Andrew Fan picture Andrew Fan · Feb 27, 2019 · Viewed 8.1k times · Source

I'm trying to convert the Torchvision MNIST train and test datasets into NumPy arrays but can't find documentation to actually perform the conversion.

My goal would be to take an entire dataset and convert it into a single NumPy array, preferably without iterating through the entire dataset.

I've looked at How do I turn a Pytorch Dataloader into a numpy array to display image data with matplotlib? but it doesn't address my issue.

So my question is, utilizing torch.utils.data.DataLoader, how would I go about converting the datasets (train/test) into two NumPy arrays such that all of the examples are present?
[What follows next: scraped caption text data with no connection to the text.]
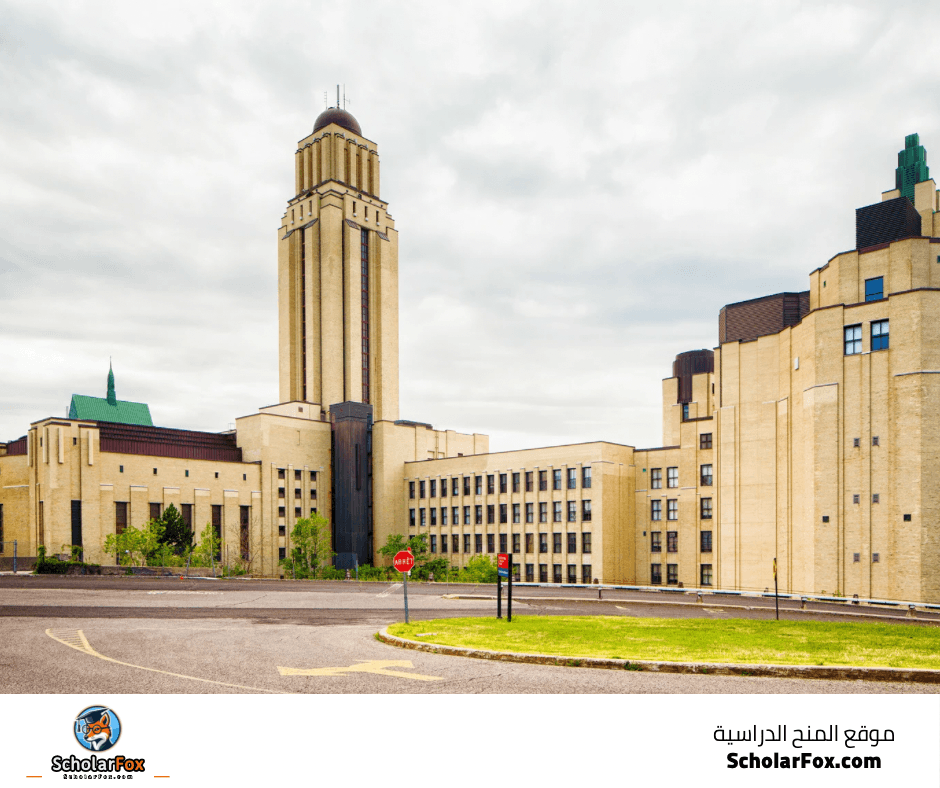 جامعة مونتريال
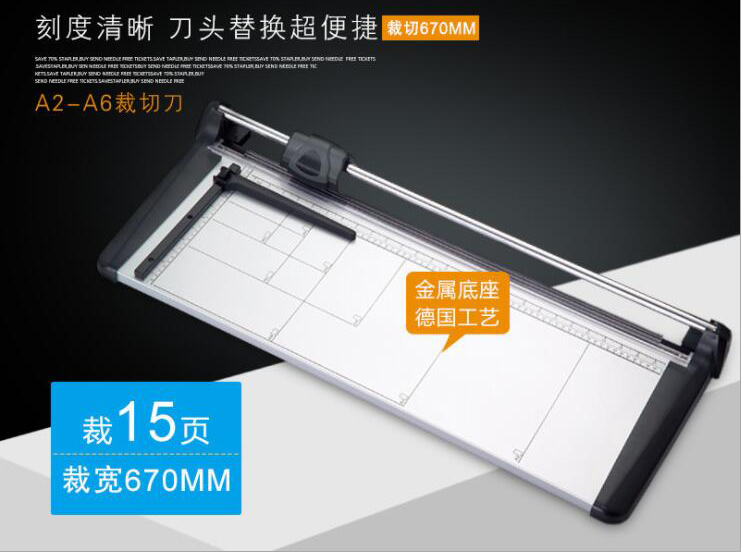 Hot Sale Manual 670mm Paper Gu - đánh giá và giá Paper Cutting Guillotine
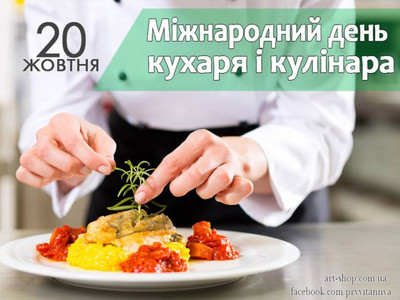 Вітаємо з Міжнародним днем кухаря і кулінара!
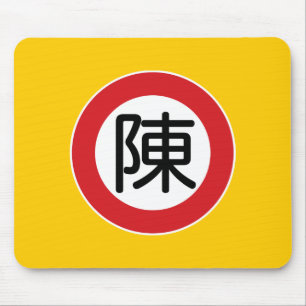 Chinese naam Chen "Street Sign" Muismat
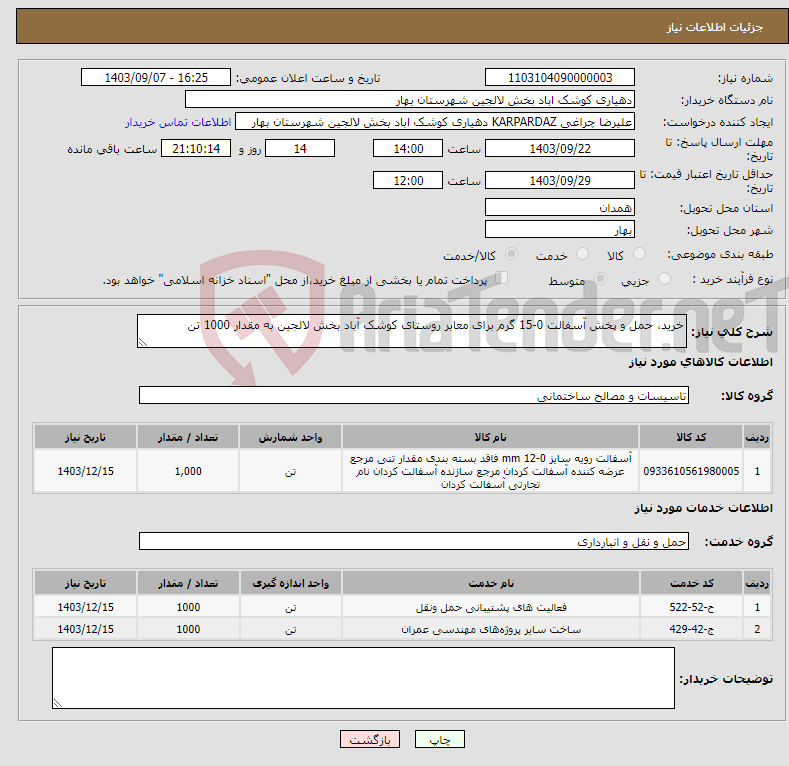 تصویر کوچک آگهی نیاز انتخاب تامین کننده-خرید، حمل و پخش آسفالت 0-15 گرم برای معابر روستای کوشک آباد بخش لالجین به مقدار 1000 تن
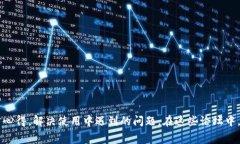  ivaatio imToken钱包论坛：全面解锁数字资产管理的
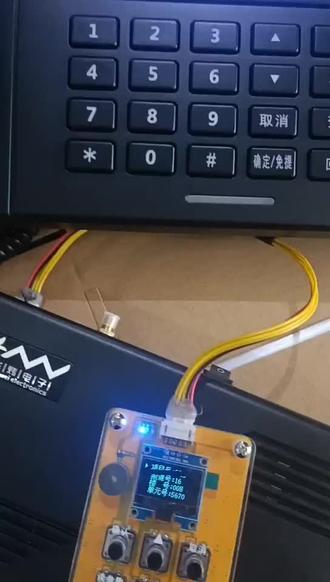 新款编码器设置楼号单元号梯号详细视频#工程人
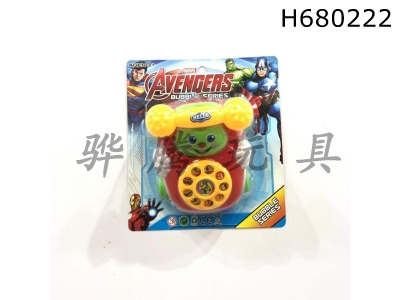 H680222 - The Avengers big telephone car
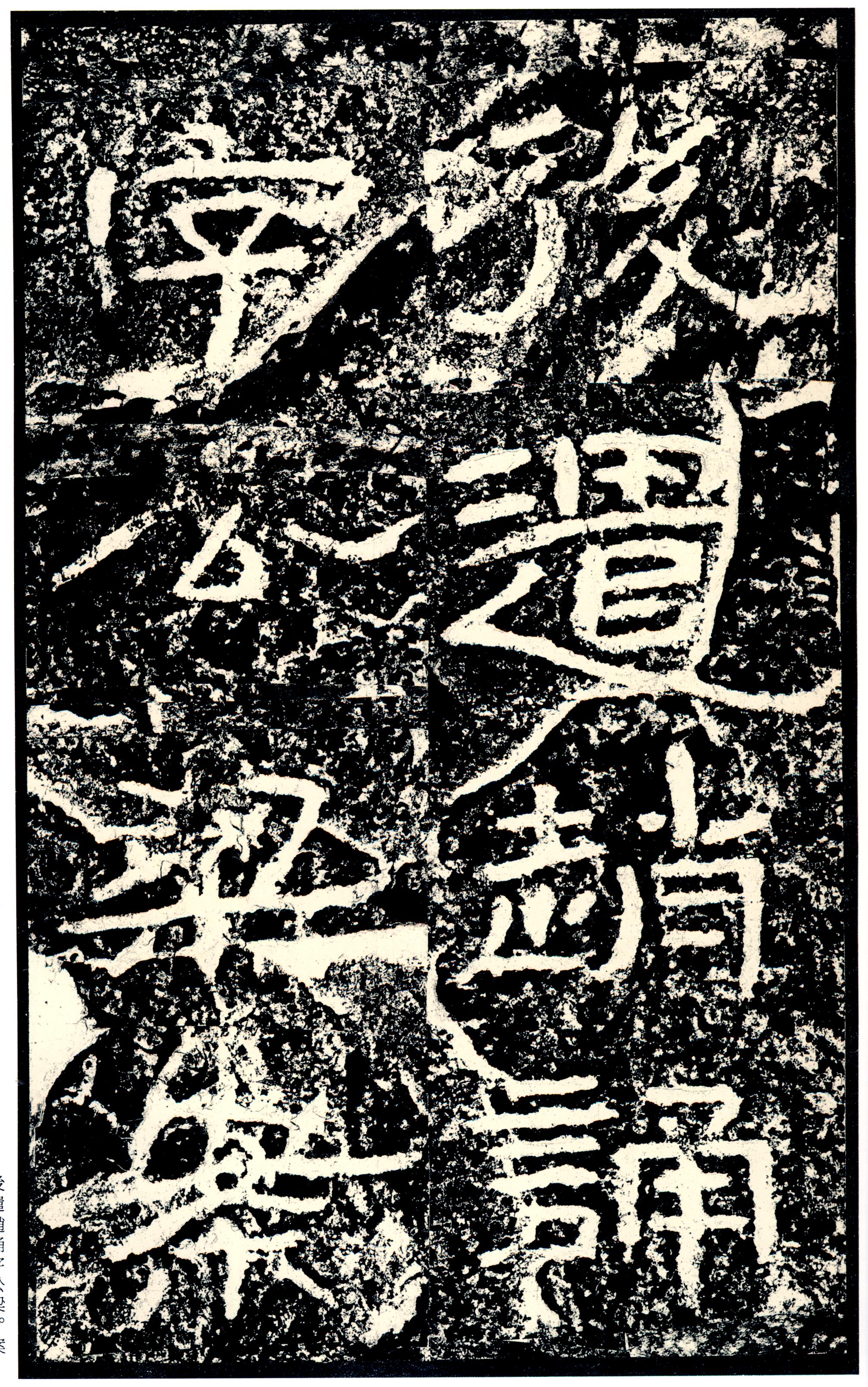 汉《石门颂》(图76)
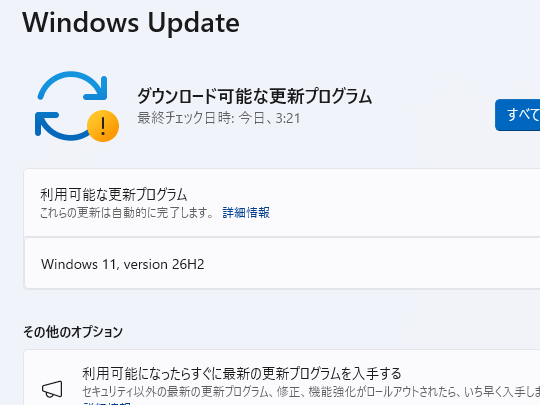 madonomori's tweet photo. 【速報】「Windows 11 2026 Update」（バージョン 26H2）の一般提供が開始／「バージョン 24H2/25H2」からは切り替えパッチ「eKB」で https://t.co/rkR8j2XL3j https://t.co/URXBPljbUV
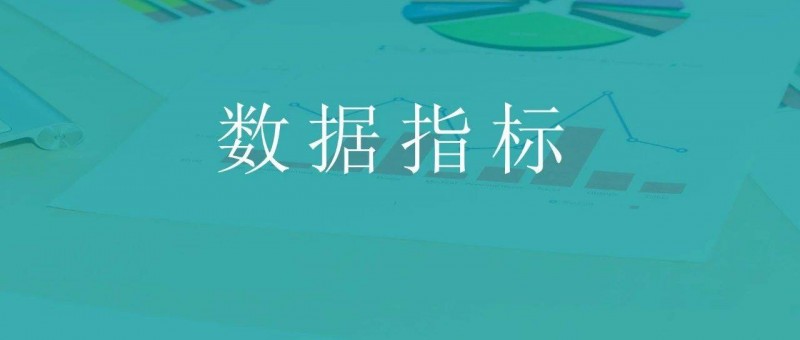 yyds，我搭建了一個(gè)完整的數(shù)據(jù)指標(biāo)體系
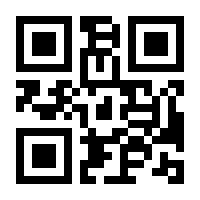 QR-Code zur Seite https://www.isbn.de/9783866745292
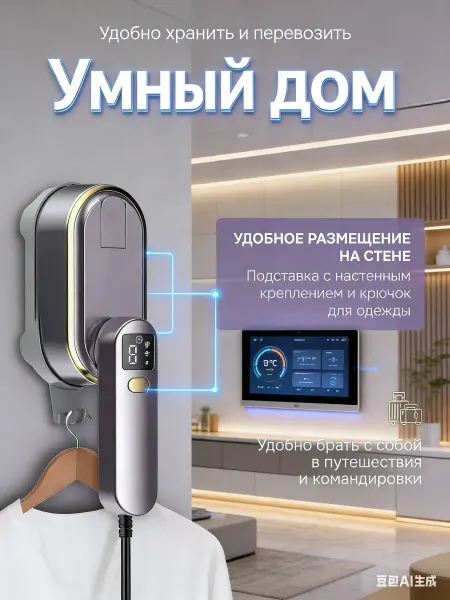 TopElectronik Отпариватель ручной для одежды с утюгом 4 в 1 дорожный
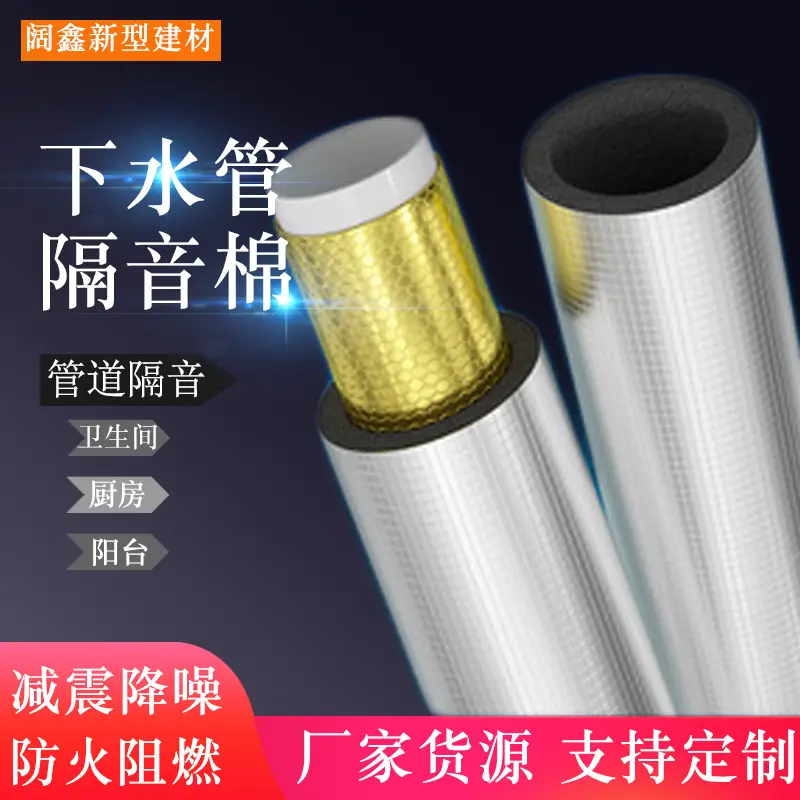 Sewer pipe sound insulation cotton self-adhesive sound absorption noise reduction gold damping sheet upgrade white high density water pipe sound insulation Cotton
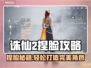 《诛仙2手游》捏脸秘籍！✨
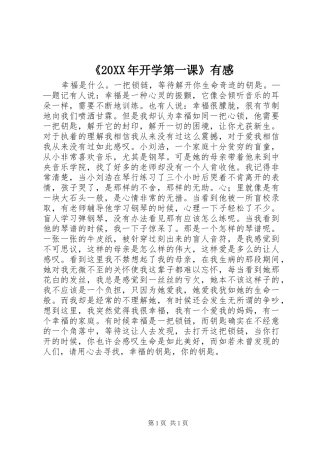 《20XX年开学第一课》有感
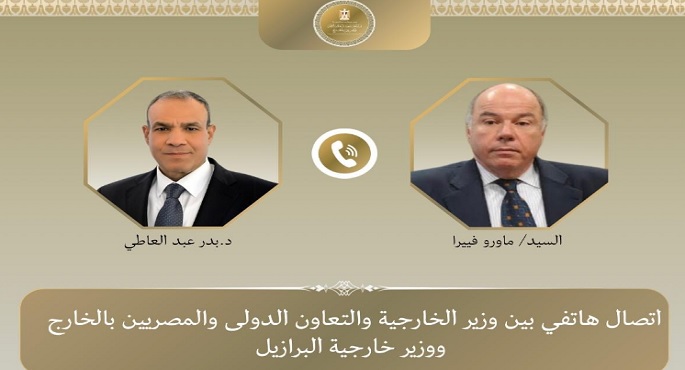 وزير الخارجية فى اتصال هاتفى مع نظيره البرازيلى : التفاوض والحوار السبيل الوحيد لتسوية النزاع القائم بالمنطقة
Note: I've left the batch size as the default of 1 for now; I could set it to 60,000 for train and 10,000 for test, but I'd prefer to not use magic numbers of that sort.

Thank you.

Answer

damavrom picture damavrom · Oct 21, 2019

There is no need to use torch.utils.data.DataLoader for this task.

from torchvision import datasets, transforms

train_set = datasets.MNIST('./data', train=True, download=True)
test_set = datasets.MNIST('./data', train=False, download=True)

train_set_array = train_set.data.numpy()
test_set_array = test_set.data.numpy()

Note that in this case targets are excluded.